Hujan menari di altar langit kelam,
menenun rindu dengan benang muram.
Rintiknya adalah gemawan air mata,
meluruhkan elegi jiwa yang tak bernyawa.
Pada pelataran malam yang sunyi,
angin mengabarkan kisah purbani.
Namamu terukir di nadi angkasa,
namun terhapus oleh dingin yang tak berasa.
Rinai hujan, orkestrasi pilu,
melodi yang memahat waktu menjadi bisu.
Tiap dentingnya adalah luka yang bernyanyi,
menghujam relung hati hingga tak terperi.
Di relung kabut, bayangmu menari,
melarung janji pada pusara mimpi.
Aku mengejarmu di samudra hampa,
namun langkahku tenggelam dalam gelora.
Adakah kau dengar jerit awan yang merintih?
Ia menyalami duka dengan irama lirih.
Tapi kau tetap menjelma keheningan,
membiarkan aku bersetia pada kehampaan.
Setiap tetes hujan adalah kisah yang gugur,
menjelma sajak kehilangan yang tak kabur.

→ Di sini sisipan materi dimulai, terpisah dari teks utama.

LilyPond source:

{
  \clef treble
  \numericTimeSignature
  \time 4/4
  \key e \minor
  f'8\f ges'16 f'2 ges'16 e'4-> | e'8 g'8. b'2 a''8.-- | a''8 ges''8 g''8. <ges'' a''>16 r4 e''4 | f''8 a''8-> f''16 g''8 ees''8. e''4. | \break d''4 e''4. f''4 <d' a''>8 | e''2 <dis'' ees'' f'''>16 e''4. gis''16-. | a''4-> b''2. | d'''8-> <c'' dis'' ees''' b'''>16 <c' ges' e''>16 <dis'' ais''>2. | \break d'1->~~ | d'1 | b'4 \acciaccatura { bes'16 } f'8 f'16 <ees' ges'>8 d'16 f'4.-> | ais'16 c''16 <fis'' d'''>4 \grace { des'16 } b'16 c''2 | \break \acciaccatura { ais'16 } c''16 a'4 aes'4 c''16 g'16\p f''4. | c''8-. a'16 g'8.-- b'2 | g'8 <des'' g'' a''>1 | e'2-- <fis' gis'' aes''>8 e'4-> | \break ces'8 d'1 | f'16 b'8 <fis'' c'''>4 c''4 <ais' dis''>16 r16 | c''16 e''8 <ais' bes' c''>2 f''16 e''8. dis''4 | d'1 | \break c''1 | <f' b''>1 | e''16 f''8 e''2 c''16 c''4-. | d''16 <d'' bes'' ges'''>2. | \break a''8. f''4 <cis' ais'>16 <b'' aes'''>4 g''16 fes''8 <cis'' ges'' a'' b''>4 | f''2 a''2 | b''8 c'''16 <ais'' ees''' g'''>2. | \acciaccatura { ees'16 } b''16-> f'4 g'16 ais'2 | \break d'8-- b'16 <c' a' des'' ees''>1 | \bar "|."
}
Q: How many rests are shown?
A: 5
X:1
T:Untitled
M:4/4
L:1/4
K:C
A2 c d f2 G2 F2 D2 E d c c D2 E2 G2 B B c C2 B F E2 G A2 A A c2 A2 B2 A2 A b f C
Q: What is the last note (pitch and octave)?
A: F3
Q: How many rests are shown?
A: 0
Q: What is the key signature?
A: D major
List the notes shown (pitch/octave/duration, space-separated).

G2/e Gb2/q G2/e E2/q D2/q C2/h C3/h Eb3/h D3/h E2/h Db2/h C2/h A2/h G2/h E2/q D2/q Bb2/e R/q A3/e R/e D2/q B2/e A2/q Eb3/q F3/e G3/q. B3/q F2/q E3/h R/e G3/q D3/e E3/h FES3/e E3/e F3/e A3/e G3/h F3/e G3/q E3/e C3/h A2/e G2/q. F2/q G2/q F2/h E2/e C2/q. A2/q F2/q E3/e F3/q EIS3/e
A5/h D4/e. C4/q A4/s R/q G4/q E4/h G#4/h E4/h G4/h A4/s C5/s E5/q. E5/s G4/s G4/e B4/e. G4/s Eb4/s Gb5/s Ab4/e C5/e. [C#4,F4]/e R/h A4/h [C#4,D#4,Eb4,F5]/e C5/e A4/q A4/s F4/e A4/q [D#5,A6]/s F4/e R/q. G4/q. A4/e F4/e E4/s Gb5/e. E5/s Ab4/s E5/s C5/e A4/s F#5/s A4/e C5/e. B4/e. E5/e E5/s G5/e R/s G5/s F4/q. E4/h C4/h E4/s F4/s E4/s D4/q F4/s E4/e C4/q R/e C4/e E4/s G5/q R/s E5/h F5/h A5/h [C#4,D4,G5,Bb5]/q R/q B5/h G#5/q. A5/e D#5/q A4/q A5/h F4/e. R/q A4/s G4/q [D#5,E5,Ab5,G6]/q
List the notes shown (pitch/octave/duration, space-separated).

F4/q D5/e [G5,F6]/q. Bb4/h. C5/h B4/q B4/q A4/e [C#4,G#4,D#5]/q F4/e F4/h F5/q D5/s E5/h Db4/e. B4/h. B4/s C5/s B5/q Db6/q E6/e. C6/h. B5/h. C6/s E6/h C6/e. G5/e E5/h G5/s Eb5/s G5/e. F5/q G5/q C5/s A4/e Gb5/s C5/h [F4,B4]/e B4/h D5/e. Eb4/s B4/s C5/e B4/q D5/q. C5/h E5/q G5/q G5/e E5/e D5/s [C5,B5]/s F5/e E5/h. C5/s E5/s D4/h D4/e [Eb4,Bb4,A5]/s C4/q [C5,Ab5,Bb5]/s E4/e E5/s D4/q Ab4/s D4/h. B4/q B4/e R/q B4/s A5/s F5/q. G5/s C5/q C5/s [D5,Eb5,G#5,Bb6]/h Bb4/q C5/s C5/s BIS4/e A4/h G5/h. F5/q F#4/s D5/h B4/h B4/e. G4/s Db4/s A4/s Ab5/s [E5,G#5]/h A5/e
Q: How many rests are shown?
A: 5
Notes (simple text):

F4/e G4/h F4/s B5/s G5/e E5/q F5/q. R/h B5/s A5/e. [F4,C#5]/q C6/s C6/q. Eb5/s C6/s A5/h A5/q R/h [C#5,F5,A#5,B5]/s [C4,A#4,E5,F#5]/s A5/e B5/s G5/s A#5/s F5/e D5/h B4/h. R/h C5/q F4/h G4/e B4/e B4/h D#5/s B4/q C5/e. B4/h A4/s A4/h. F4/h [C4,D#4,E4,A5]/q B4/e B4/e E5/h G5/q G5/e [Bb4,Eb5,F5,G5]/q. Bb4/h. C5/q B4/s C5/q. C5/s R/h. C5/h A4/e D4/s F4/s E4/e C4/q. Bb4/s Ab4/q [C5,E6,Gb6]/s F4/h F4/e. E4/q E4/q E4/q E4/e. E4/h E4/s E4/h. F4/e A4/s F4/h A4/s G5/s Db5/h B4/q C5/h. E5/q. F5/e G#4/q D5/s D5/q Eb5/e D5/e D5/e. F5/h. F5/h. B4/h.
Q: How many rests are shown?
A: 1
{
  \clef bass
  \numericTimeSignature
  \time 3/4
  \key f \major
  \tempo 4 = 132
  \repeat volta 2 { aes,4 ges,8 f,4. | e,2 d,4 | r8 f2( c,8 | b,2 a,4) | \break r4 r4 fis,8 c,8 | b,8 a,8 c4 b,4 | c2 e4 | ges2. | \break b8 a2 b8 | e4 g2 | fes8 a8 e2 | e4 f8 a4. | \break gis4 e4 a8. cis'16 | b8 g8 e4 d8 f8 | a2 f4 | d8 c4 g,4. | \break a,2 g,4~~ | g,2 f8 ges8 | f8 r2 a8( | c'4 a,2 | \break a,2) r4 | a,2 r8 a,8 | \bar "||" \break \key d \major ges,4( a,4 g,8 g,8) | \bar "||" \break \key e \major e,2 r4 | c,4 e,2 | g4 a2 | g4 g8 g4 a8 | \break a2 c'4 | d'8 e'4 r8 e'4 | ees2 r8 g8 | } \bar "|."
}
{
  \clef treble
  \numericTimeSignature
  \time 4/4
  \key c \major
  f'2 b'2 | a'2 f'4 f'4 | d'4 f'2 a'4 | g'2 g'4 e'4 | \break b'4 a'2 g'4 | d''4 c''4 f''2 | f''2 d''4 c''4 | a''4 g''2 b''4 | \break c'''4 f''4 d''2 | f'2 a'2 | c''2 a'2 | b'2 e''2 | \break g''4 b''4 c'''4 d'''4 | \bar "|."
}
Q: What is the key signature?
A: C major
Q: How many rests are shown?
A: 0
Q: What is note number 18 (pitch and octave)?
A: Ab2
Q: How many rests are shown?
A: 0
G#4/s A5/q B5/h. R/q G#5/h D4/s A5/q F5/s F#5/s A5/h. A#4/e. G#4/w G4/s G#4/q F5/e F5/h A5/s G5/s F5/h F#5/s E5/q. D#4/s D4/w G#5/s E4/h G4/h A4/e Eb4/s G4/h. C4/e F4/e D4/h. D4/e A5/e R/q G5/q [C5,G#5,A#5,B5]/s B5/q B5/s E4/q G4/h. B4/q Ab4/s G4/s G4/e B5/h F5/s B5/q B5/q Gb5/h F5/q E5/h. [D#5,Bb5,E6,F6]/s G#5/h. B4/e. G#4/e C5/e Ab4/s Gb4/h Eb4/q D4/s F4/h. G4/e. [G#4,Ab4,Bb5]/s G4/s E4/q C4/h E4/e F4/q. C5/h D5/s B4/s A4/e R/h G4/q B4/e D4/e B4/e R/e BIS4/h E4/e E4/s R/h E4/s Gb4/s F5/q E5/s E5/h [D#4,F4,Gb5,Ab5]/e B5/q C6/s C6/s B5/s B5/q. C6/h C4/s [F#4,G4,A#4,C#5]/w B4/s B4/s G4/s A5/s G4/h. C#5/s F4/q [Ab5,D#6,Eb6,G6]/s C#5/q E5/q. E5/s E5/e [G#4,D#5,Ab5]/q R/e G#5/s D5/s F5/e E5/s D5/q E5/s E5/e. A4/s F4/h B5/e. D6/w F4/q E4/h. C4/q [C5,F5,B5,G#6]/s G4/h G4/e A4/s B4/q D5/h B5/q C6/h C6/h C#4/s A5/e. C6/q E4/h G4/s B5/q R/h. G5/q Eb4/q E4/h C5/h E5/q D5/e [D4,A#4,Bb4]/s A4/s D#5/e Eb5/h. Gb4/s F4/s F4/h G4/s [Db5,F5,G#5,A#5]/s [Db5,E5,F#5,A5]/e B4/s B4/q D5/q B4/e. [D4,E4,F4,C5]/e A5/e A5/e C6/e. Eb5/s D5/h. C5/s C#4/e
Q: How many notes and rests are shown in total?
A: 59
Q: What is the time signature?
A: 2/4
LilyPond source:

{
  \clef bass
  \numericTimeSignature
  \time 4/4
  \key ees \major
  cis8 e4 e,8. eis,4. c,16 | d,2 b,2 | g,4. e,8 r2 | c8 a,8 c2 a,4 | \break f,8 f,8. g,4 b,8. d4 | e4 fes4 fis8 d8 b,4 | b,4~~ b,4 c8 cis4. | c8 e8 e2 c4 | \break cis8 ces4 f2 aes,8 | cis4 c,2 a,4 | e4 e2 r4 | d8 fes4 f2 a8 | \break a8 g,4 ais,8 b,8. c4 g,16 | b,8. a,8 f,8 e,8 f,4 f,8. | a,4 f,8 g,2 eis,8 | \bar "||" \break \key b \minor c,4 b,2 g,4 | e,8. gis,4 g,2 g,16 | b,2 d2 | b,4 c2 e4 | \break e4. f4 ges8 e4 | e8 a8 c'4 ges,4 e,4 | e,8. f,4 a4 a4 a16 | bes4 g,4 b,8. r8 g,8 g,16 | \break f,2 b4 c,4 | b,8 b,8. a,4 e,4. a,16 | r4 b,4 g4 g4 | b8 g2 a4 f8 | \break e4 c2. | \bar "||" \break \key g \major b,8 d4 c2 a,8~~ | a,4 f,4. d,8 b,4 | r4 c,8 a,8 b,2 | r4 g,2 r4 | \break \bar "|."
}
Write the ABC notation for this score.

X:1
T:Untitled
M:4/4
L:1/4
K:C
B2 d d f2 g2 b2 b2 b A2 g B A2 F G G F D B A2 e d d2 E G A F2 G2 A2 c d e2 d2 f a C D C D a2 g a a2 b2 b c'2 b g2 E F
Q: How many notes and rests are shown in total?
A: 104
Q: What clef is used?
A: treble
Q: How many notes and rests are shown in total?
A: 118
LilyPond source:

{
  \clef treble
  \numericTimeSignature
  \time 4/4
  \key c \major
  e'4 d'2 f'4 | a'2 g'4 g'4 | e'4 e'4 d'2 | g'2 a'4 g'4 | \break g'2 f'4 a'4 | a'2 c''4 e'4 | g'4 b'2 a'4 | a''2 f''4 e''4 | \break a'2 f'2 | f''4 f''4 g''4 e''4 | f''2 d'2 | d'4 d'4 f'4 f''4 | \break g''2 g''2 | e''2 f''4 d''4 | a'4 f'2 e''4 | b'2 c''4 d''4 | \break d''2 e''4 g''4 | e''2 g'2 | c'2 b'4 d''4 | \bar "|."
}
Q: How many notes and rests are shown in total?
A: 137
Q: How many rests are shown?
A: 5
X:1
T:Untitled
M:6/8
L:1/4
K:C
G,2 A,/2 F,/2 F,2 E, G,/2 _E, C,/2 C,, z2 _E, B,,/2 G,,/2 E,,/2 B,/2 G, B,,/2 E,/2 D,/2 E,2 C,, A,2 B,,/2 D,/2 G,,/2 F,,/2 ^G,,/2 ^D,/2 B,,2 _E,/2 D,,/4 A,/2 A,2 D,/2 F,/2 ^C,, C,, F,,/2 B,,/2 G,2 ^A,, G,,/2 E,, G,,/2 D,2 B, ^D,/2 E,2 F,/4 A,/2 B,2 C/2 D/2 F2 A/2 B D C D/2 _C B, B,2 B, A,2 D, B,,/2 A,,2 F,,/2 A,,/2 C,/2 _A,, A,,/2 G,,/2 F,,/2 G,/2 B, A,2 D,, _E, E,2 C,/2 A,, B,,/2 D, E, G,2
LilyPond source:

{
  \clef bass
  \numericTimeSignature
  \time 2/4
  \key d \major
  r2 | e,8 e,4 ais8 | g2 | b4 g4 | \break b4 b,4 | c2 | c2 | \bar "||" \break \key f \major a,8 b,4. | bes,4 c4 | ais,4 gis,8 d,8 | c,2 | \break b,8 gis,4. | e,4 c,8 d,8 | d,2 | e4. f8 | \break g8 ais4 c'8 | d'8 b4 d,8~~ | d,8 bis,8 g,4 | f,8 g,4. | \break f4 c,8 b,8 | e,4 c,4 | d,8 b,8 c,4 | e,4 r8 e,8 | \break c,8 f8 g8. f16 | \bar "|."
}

Dingin membalut tubuhku yang retak,
seperti angin yang menoreh luka tanpa jejak.
Hujan berbicara dalam bahasa abadi,
mengisahkan perpisahan yang tak terperi.
Aku, penziarah pada makam kenangan,
menabur doa di altar kehampaan.
Kala petir berseru memecah kelam,
kupandang langit, mencari jawab yang diam.
Namun hujan tetap menjadi kitab yang tertutup,
menyimpan rahasia yang tak pernah ditelusup.
O, hujan, biarkan aku menulis takdirku,
di atas permukaanmu yang fana dan pilu.
Agar namanya tak lagi merajai nadiku,
dan rindu ini sirna bersama deras arusmu.
Namun, meski kau larutkan segalanya,
kenangan tetap bersarang di ruang tak bernama.
Ia, abadi seperti rintik yang jatuh ke bumi,
mendendangkan nyanyi sunyi, untuk hati yang mati.